> [PROMPT]:
Retype, word for word, every line starting at the line with "Pelota Blanda y" and ending with the final line of the entries; skip the pictures.

(Caption-style text data)

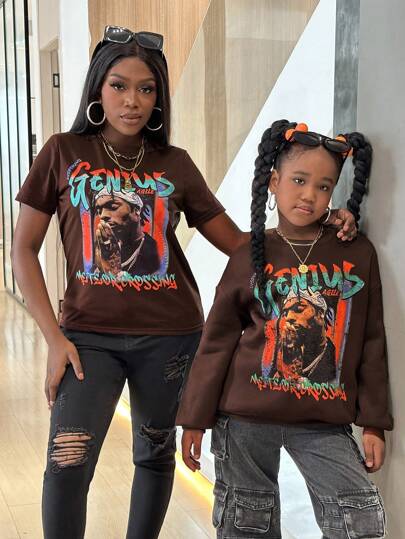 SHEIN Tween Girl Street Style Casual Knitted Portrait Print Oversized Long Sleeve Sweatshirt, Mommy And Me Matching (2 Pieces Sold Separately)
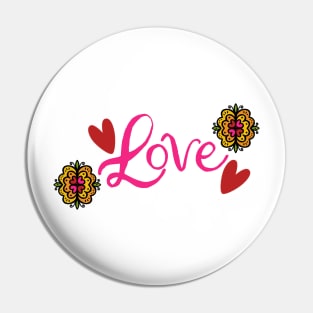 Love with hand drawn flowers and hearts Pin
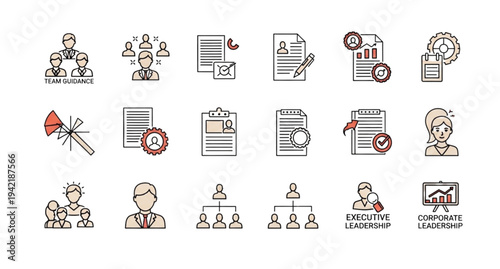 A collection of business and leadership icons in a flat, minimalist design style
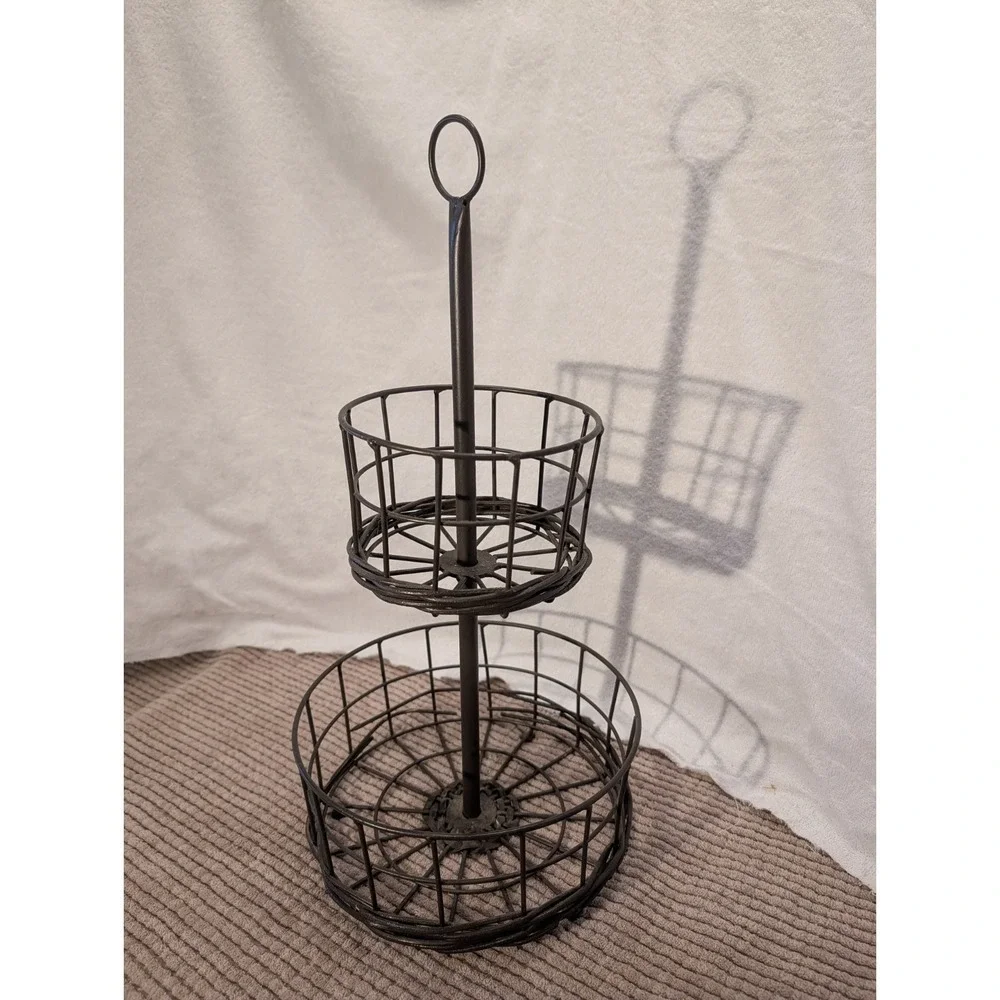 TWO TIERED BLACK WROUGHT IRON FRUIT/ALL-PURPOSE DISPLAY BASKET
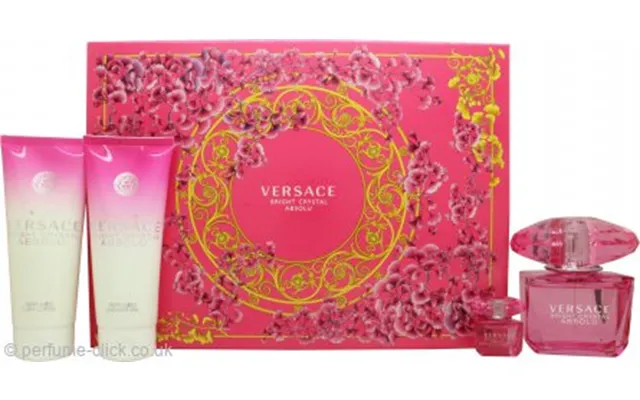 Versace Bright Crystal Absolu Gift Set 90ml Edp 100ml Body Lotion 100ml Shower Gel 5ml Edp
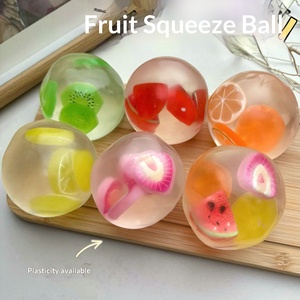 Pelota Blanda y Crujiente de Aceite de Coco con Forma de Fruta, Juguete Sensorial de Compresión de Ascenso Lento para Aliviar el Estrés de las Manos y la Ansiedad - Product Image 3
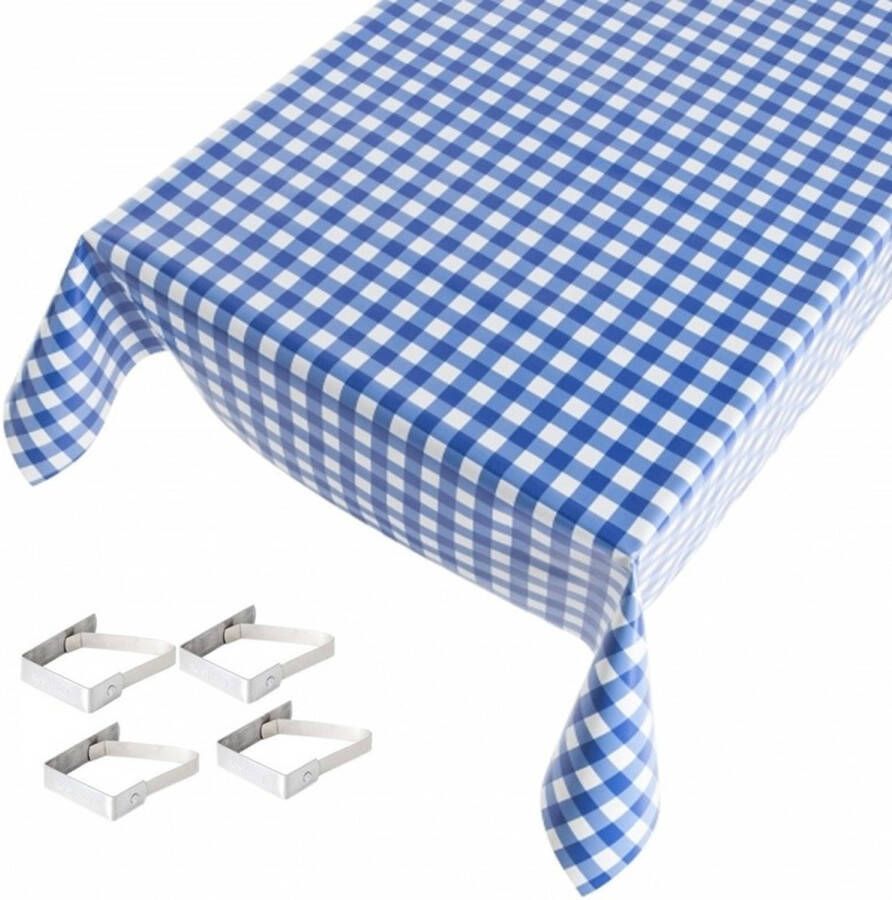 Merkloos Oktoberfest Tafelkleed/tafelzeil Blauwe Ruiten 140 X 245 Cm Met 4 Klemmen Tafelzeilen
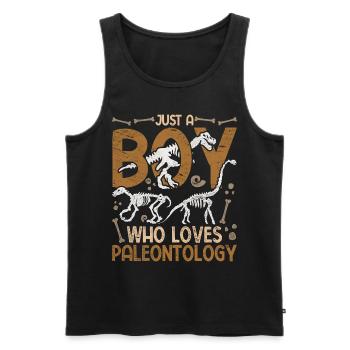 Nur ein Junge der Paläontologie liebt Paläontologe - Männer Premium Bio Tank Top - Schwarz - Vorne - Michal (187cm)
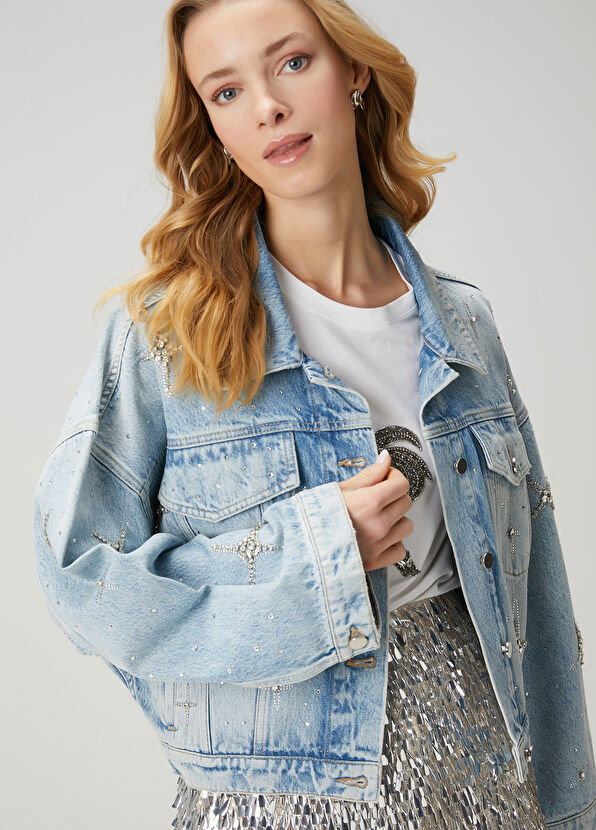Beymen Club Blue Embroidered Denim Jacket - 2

> [REPLY TO THE EXERCISE]:
 Pelota Blanda y Crujiente de Aceite de Coco con Forma de Fruta, Juguete Sensorial de Compresión de Ascenso Lento para Aliviar el Estrés de las Manos y la Ansiedad - Product Image 3
 Merkloos Oktoberfest Tafelkleed/tafelzeil Blauwe Ruiten 140 X 245 Cm Met 4 Klemmen Tafelzeilen
 Nur ein Junge der Paläontologie liebt Paläontologe - Männer Premium Bio Tank Top - Schwarz - Vorne - Michal (187cm)
Beymen Club Blue Embroidered Denim Jacket - 2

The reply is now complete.